# [WHAT YOU NEED TO DO]
Restate word for word the lines below, from the one containing "Ready for Adventure Cotton T-Shirt" through the final line, with no pictures included.

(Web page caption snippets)

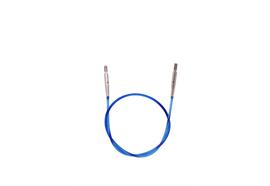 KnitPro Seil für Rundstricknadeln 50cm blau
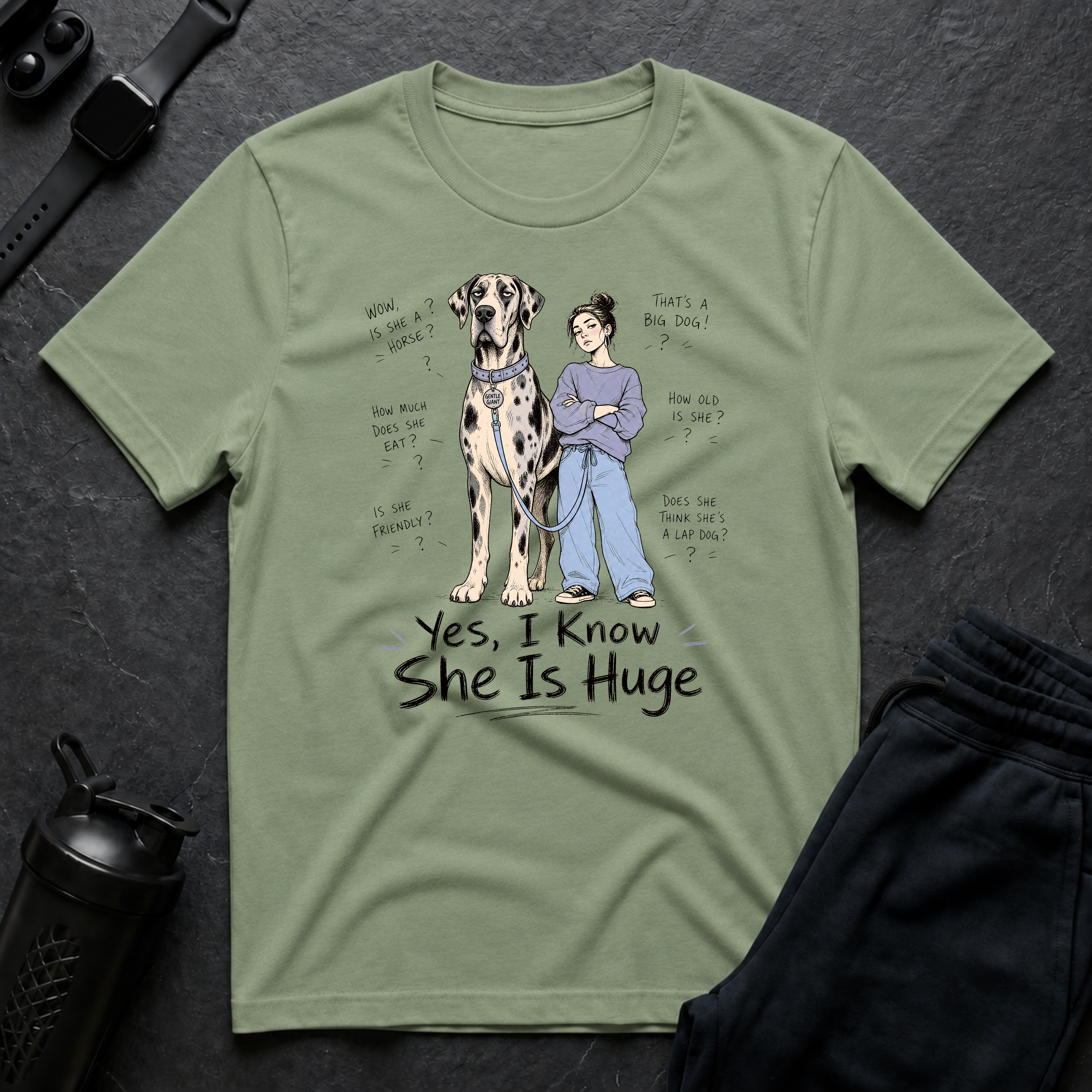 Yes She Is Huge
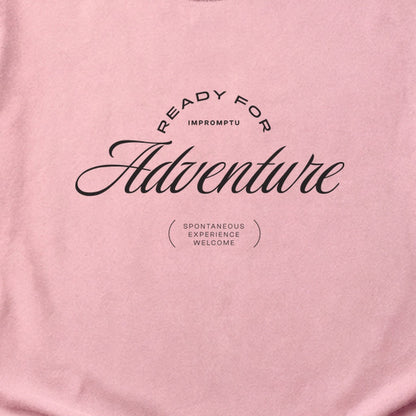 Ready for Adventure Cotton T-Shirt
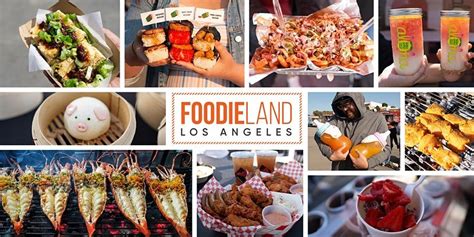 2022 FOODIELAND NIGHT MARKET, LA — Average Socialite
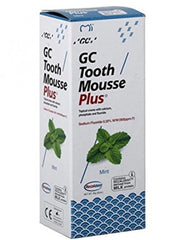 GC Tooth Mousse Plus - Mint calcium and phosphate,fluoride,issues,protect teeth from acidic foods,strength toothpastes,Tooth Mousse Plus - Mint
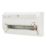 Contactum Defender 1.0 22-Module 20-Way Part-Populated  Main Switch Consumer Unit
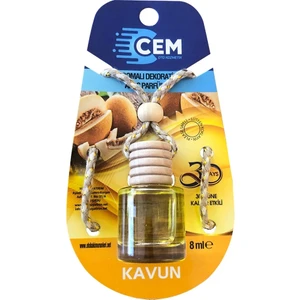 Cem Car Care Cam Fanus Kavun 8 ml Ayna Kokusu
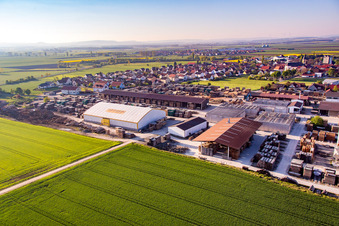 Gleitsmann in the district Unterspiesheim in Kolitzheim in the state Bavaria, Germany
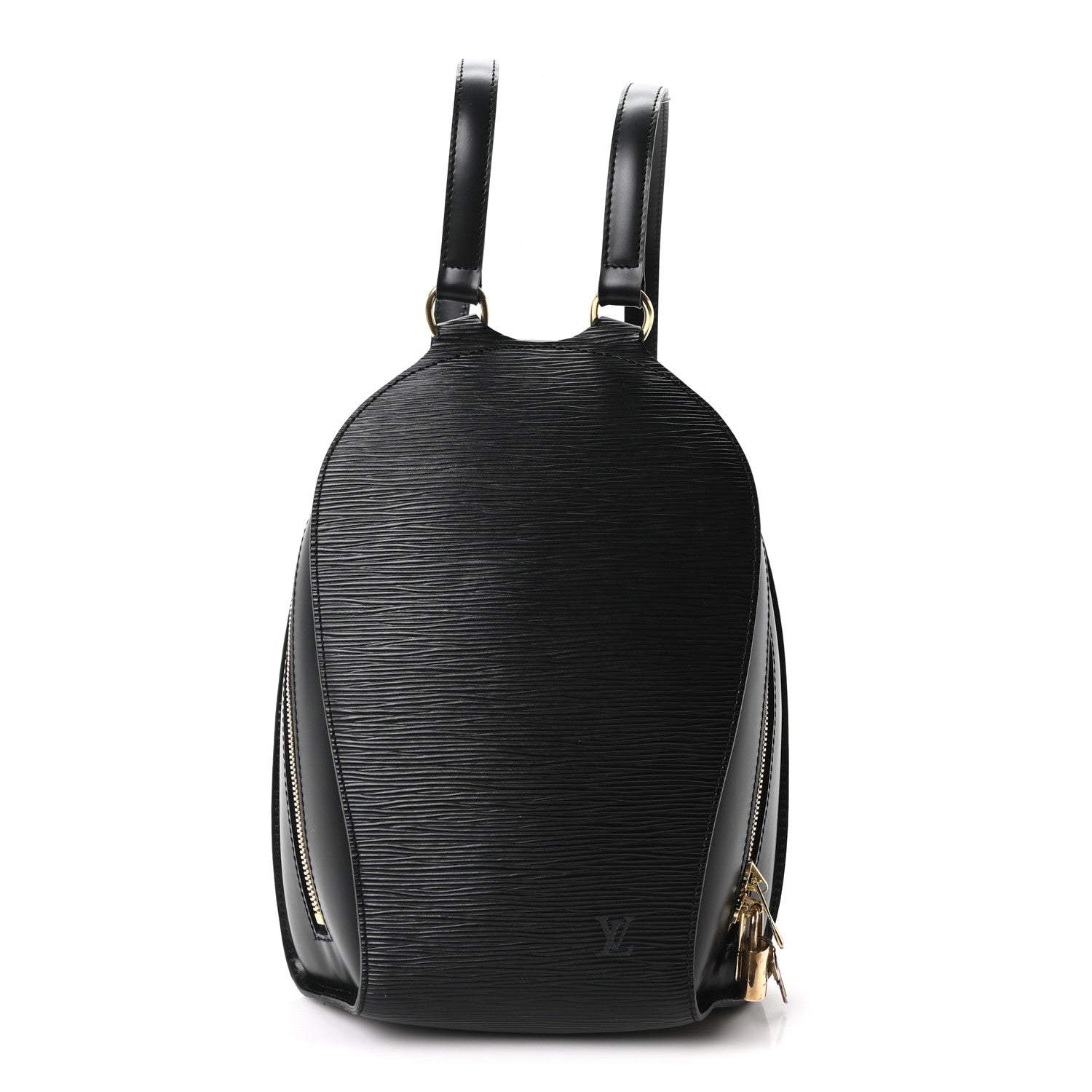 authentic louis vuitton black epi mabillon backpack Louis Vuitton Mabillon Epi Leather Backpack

# [SOLUTION BELOW]
 Ready for Adventure Cotton T-Shirt
 2022 FOODIELAND NIGHT MARKET, LA — Average Socialite
 GC Tooth Mousse Plus - Mint calcium and phosphate,fluoride,issues,protect teeth from acidic foods,strength toothpastes,Tooth Mousse Plus - Mint
 Contactum Defender 1.0 22-Module 20-Way Part-Populated  Main Switch Consumer Unit
 Cem Car Care Cam Fanus Kavun 8 ml Ayna Kokusu
 Gleitsmann in the district Unterspiesheim in Kolitzheim in the state Bavaria, Germany
 authentic louis vuitton black epi mabillon backpack Louis Vuitton Mabillon Epi Leather Backpack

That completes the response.